WHAT THIS TASK INVOLVES =
Omitting all pictures, copy word for word the lines from the line containing "Fpf777,Fpf777.Com" through the final line of the entries.

[Stored records]

---*---

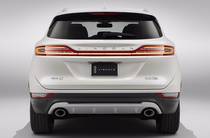 Lincoln MKC Base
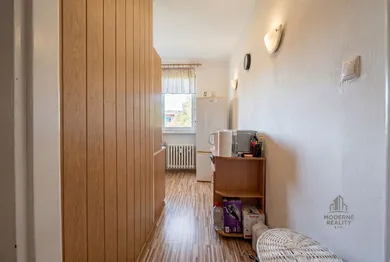 Na predaj 2-izbový byt, 47 m², Šurany, Mudrochova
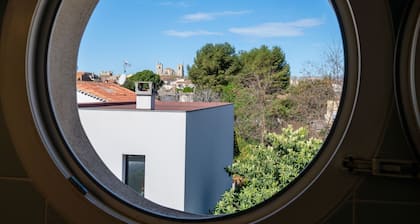 Les Capucines by Interhome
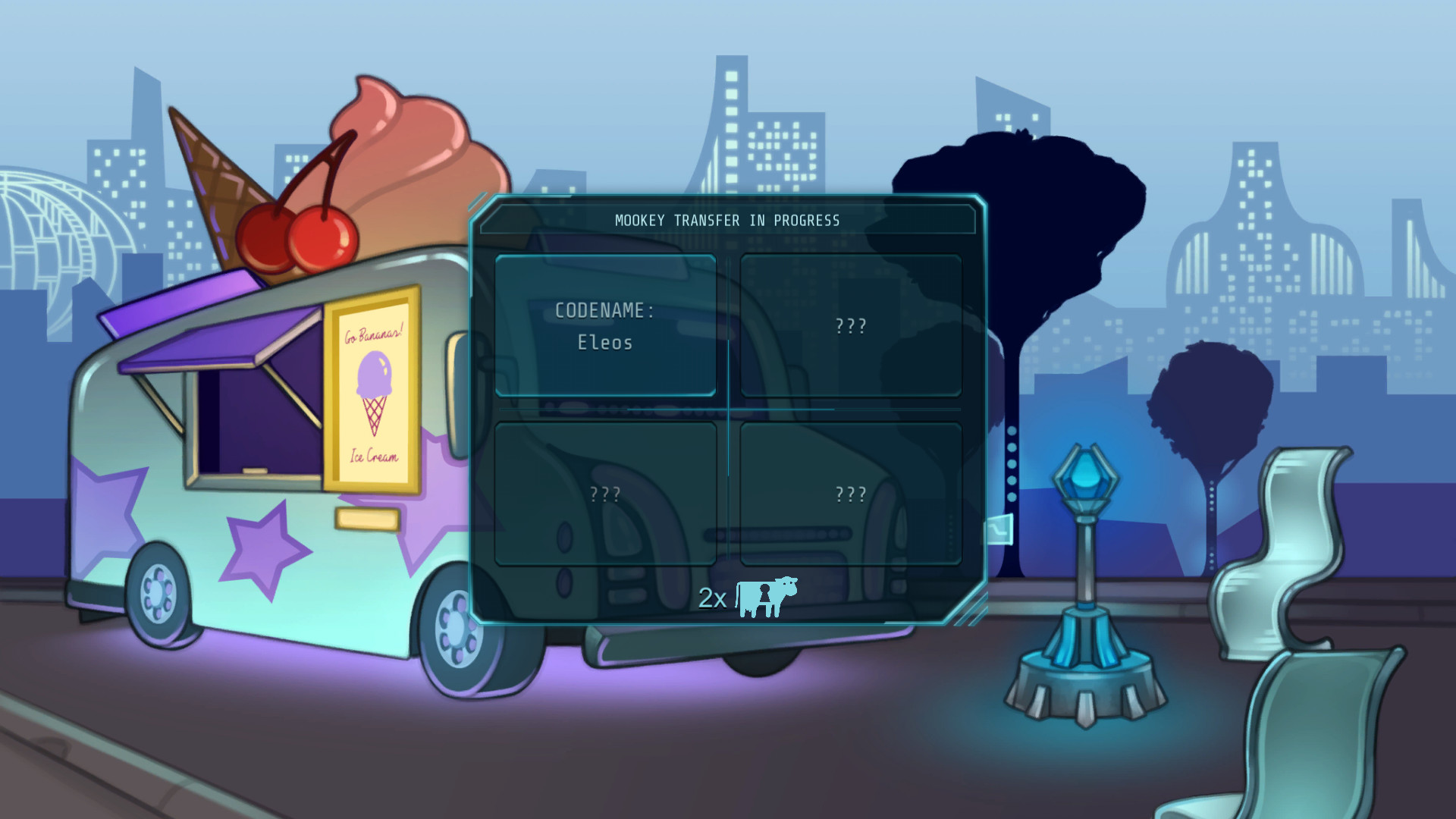 Dupli_City screenshot 9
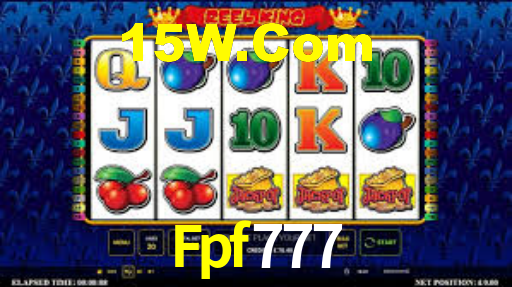Fpf777,Fpf777.Com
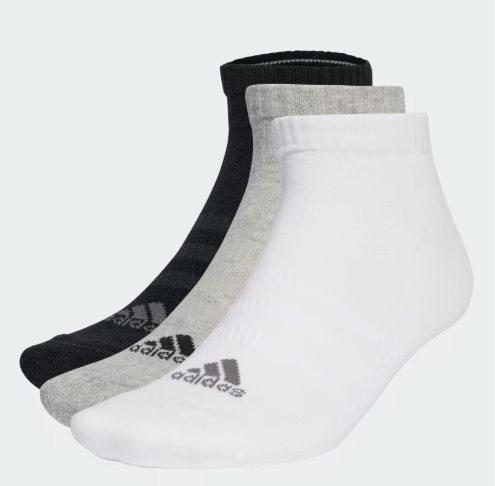 C SPW LOW 3P - WHITE/GREY/BLACK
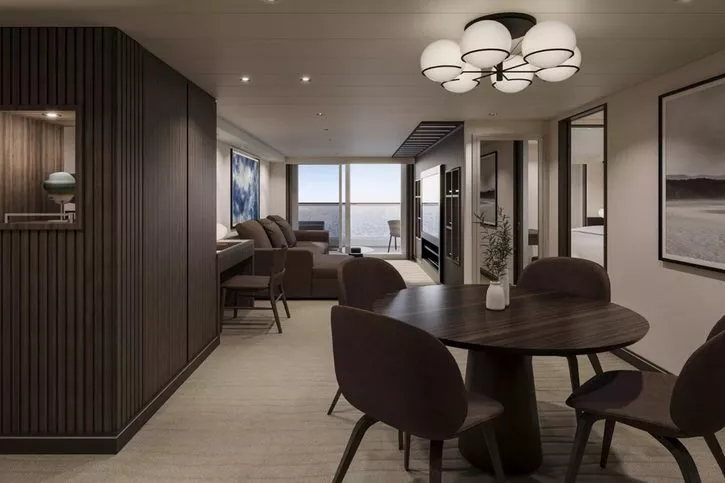 Cove Residence (CO1) - Explora IV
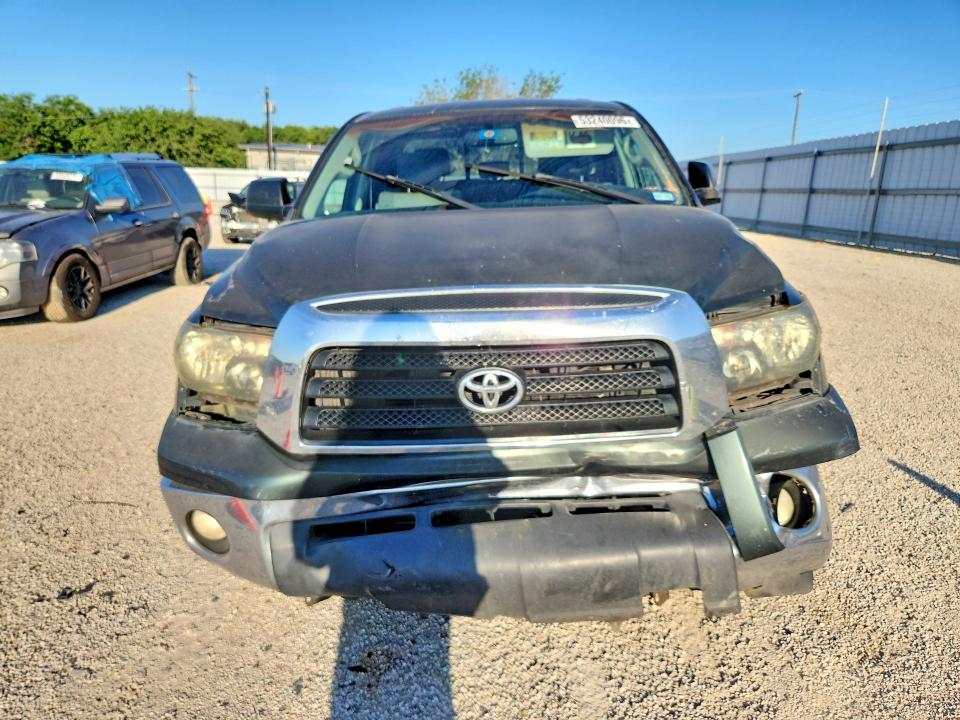 Продажа на аукционе авто 2007 Toyota Tundra, vin: 5TFRV54147X017538, номер лота: 53240096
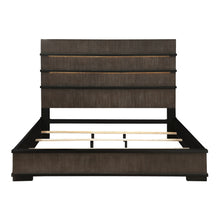 Acworth Queen Bed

---*---

OUTPUT FOR THIS EXERCISE =
Fpf777,Fpf777.Com
 C SPW LOW 3P - WHITE/GREY/BLACK
 Cove Residence (CO1) - Explora IV
 Продажа на аукционе авто 2007 Toyota Tundra, vin: 5TFRV54147X017538, номер лота: 53240096
 Acworth Queen Bed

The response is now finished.